I write as I talk, as if I were having a pint with you and holding forth on something about which I’m passionate, like what is consciousness? Or how your thoughts affect how you experience old age.
You cannot separate the mind from the body. They interact in ways we cannot fully explain. That’s what fascinates me, and I like to speculate and add my five cents about it in my writing.
I write about the mind and how it affects our lives.
If You Want to Write, You’ve Got To Read
I read a lot on Substack and Medium. And my mentors come mainly from the world of fiction. One of my biggest influences is Haruki Murakami. I have read everything he’s written. And I am currently reading “Vigil” by George Sanders. I‘m enjoying that book.

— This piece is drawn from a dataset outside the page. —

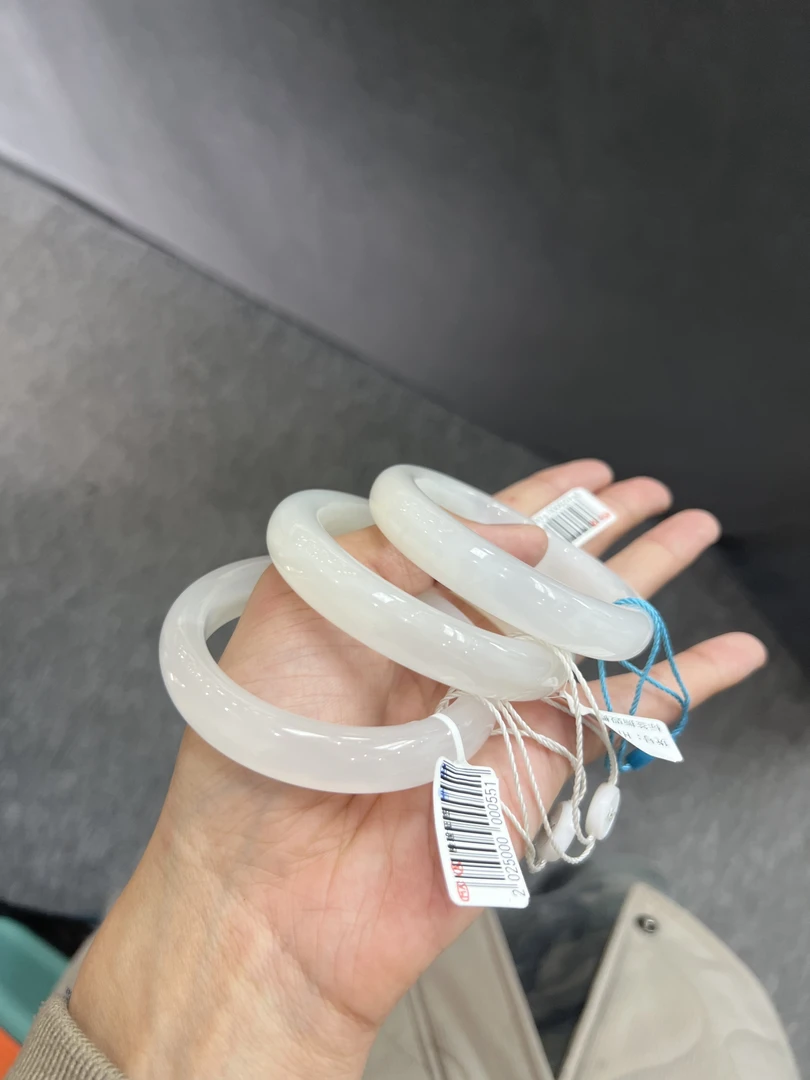 天然和田玉手镯多样性发其一w1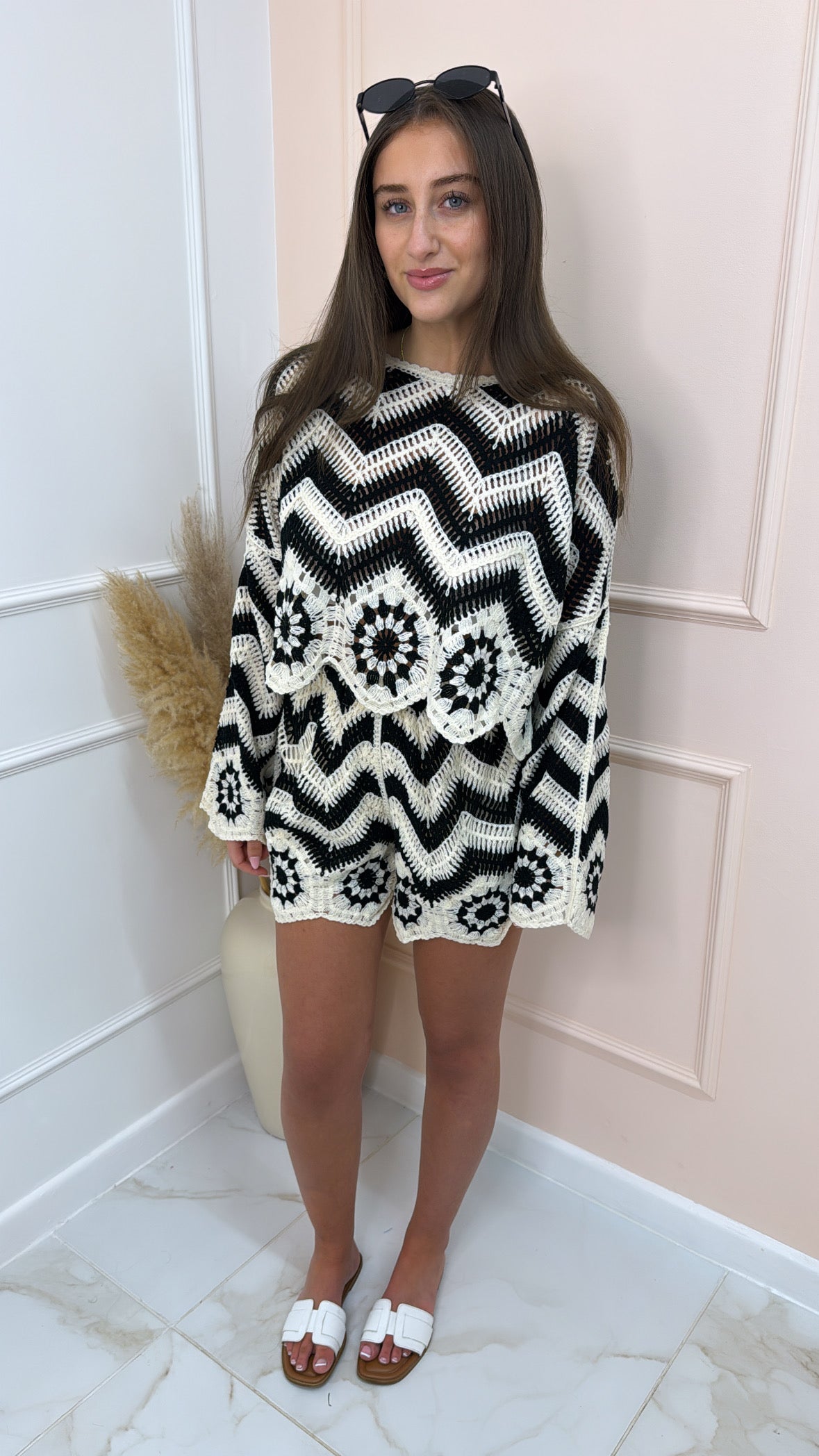 LAURA black zig zag crochet shorts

I love playing with simile and metaphor. In Murakami’s work, almost every paragraph contains a metaphor or simile. Writing is more than presenting facts and opinions. I like to bring the element of surprise into my sentences. As I’m writing this, I realize I could use more metaphors in my writing — because I believe our lives are metaphors for something — and I want to find out what.
I just realized that, strangely, my writing is also greatly influenced by watching talking heads on MS NOW and various YouTube shows like “Inside Trump’s Head,” with Michael Wolff and Joanna Coles. And Pivot, with Scott Galloway and Kara Swisher. I love to watch articulate people winging it live on the screen. I learn a lot about how to express myself from them.
My Naked Mind
Finally, I love the process of writing. Today, I was frustrated because I couldn’t think of anything I wanted to write about, until a random guy asked me a question about writing, and I was off to the races. But it took six years of practice to get to a place where I could do that.
It wasn’t always like that. Seven years ago, I wanted to write, but was afraid of exposing my naked mind in public. It took me a year to gather my nerve and say publicly what was on my mind.
That fear was more than just a fear of writing. It was a fear of living fully, of taking my place at the podium of life and saying my piece. And I was afraid of death. Getting over my fear of writing has changed my life significantly. It has made me a braver and more intelligent person.
Someone said, I write in order to learn what I think.
Wise person.
Gary
March 2025



'I write to learn what I think.' Interesting. I think I write to try to access my subconscious mind; to try to clarify my thoughts and emotions and figure out where or why I might be a bit stuck. I like what you've said about vulnerability in your writing and the fact that readers are looking for that. I struggle with being vulnerable in writing, I think at least in part because I spent YEARS as a social worker trying to maintain good boundaries with clients and staying AWAY from my own issues and feelings. That was appropriate and professional in that role, but it hinders me some now as I try to parse out what's okay to share with the reader.
From author Flannery O'Connor: "I write because I don't know what I think until I read what I say."